This can be expressed more compactly as: $$ cov(\varepsilon_j, \varepsilon_{\ell}) = \sigma_{j,\ell}I_N $$ Now, let us stack the various equations, one on top of the other: $$ y = Z\beta + \varepsilon, $$ where: $$ y = \begin{bmatrix} y_1\\y_2\\ \vdots\\y_M\end{bmatrix}, \varepsilon = \begin{bmatrix} \varepsilon_1 \\ \vdots \\ \varepsilon_M \end{bmatrix},\\ Z = \begin{bmatrix} X_1 & 0 & \ldots & 0\\ 0 & X_2 & \ldots & 0,\\ \vdots & \vdots & \ddots & \vdots\\ 0 & 0 & \ldots & X_M \end{bmatrix}, \beta = \begin{bmatrix} \beta_1\\ \vdots \\ \beta_M\end{bmatrix} $$ The variance-covariance matrix of $\varepsilon$ takes the form: $$ \mathbb{E}(\varepsilon \varepsilon') = V = \begin{bmatrix} \sigma_{11} I_N & \sigma_{12}I_N & \ldots & \sigma_{1M} I_N\\ \sigma_{21} I_N & \sigma_{22} I_N & \ldots & \sigma_{2N} I_N\\ \ldots & \ldots & \ddots & \vdots\\ \sigma_{M1} I_N & \ldots & \ldots & \sigma_{MM}I_N \end{bmatrix} = \Sigma \otimes I_N $$ where $\otimes$ is the Kronecker product and: $$ \Sigma = \begin{bmatrix}\sigma_{11} & \sigma_{12} & \ldots & \sigma_{1M}\\ \sigma_{21} & \sigma_{22} & \ldots & \sigma_{2M}\\ \vdots & \vdots & \ddots & \vdots\\ \sigma_{M1} & \sigma_{M2} & \ldots & \sigma_{MM} \end{bmatrix} $$ $\Sigma$ gives the variance covariance matrix of the errors for a fixed individual.

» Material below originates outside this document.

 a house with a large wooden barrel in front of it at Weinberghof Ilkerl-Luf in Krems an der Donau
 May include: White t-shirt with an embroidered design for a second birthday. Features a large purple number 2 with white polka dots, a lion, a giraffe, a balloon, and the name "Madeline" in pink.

For the Kronecker product, we have the rules: $(A \otimes B)^{-1} = A^{-1} \otimes B^{-1}$ and $(A \otimes B)(C \otimes D) = AC \otimes BD$ and $(A \otimes B)' = A' \otimes B'$ .

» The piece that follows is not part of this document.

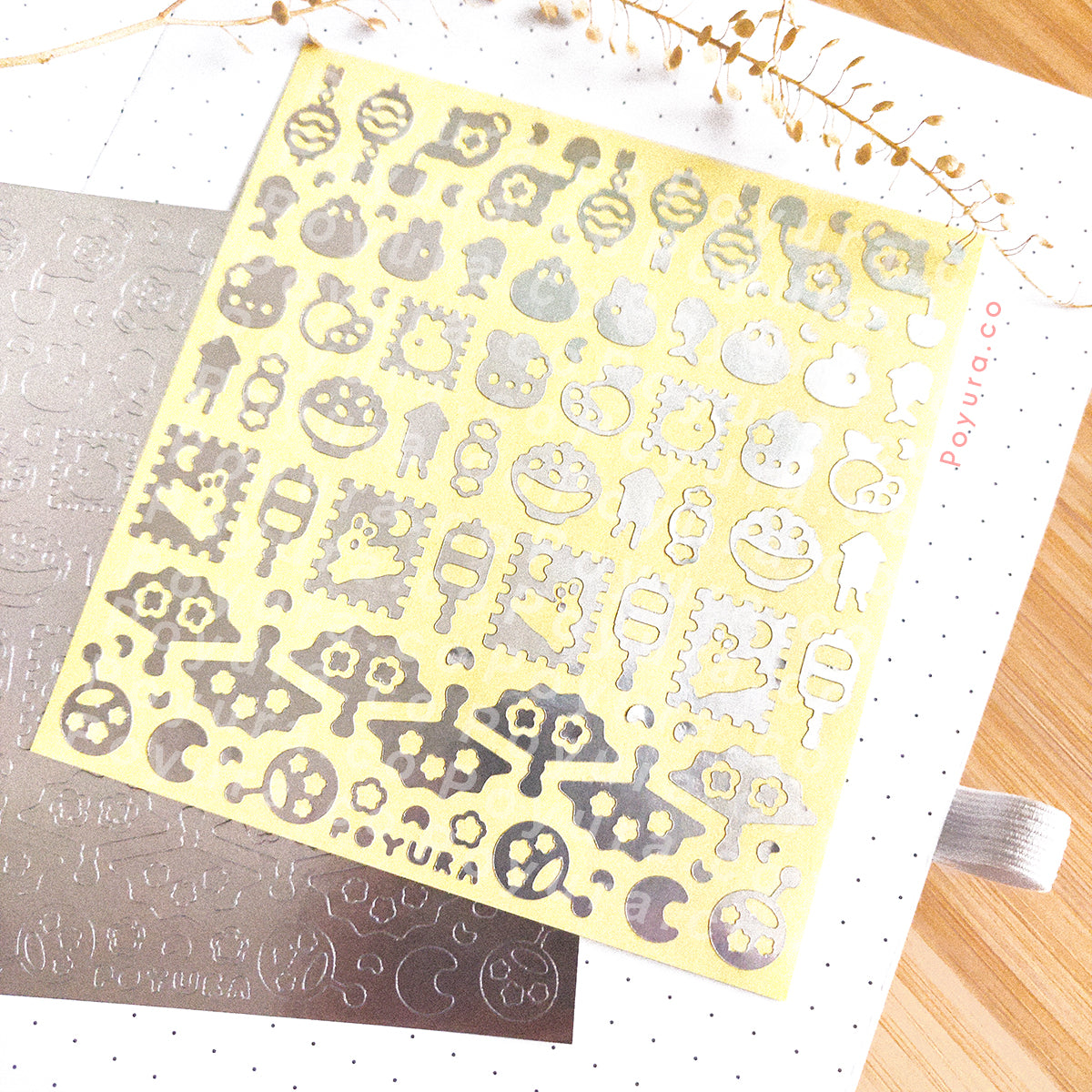 Borderless filler sticker with Lunar New Year cutouts in silver foil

Let $\hat \Sigma$ be the estimate of $\Sigma$ based on an initial OLS estimation of $y_j$ on $X_j$ and let $\hat V = \hat \Sigma \otimes I_N$. Then the feasible GLS estimator is given by: $$ \begin{align*} \hat \beta &= (Z' \hat V^{-1} Z)^{-1} Z' \hat V^{-1} y,\\ &=(Z'(\hat \Sigma \otimes I_N)^{-1}Z)^{-1}Z'(\hat \Sigma \otimes I_N)^{-1}y,\\ &= (Z'(\hat \Sigma^{-1}\otimes I_N)Z)^{-1}Z'(\hat \Sigma^{-1}\otimes I_N)y,\\ &= \beta + (Z'(\hat \Sigma^{-1}\otimes I_n)Z)^{-1}Z'y \end{align*} $$

Now, let us assume that all the $X_i$ are identical, say $X$, then $Z = I_M \otimes X$ and we can further simplify: $$ \begin{align*} \hat \beta &= (Z'(\hat \Sigma^{-1}\otimes I_N)Z)^{-1}Z'(\hat \Sigma^{-1}\otimes I_N)y,\\ &= ((I_M \otimes X)'(\hat \Sigma^{-1}\otimes I_N)(I_M \otimes X))^{-1}(I_M \otimes X)'(\hat \Sigma^{-1}\otimes I_N)y,\\ &= ((I_M \hat \Sigma^{-1}\otimes X'I_N)(I_M \otimes X))^{-1}(I_M \hat \Sigma^{-1} \otimes X' I_N)y,\\ &= (\hat \Sigma^{-1} \otimes X'X)^{-1}(\hat \Sigma^{-1}\otimes X')y,\\ &= (\hat \Sigma \otimes (X'X)^{-1})(\hat \Sigma^{-1}\otimes X')y,\\ &= (\hat \Sigma\hat \Sigma^{-1} \otimes (X'X)^{-1}X')y\\ &= (I_M \otimes (X'X)^{-1} X')y \end{align*} $$ Notice that $\hat \Sigma$ disappeared from this equation. The last one equation can be written in the following way: $$ \hat \beta = \begin{bmatrix} (X'X)^{-1}X'y_1\\ (X'X)^{-1} X'y_2\\ \vdots\\ (X'X)^{-1}X' y_1 \end{bmatrix} = \beta + \begin{bmatrix}(X'X)^{-1}X'\varepsilon_1,\\ (X'X)^{-1}X'\varepsilon_2\\\vdots \\ (X'X)^{-1}X'\varepsilon_M\end{bmatrix} $$ So the feasible GLS estimates are identical to the OLS estimates from an equation by equation estimation. Notice that this also means that the residuals $\hat \varepsilon_j$ will be identical to the residuals from an OLS estimation.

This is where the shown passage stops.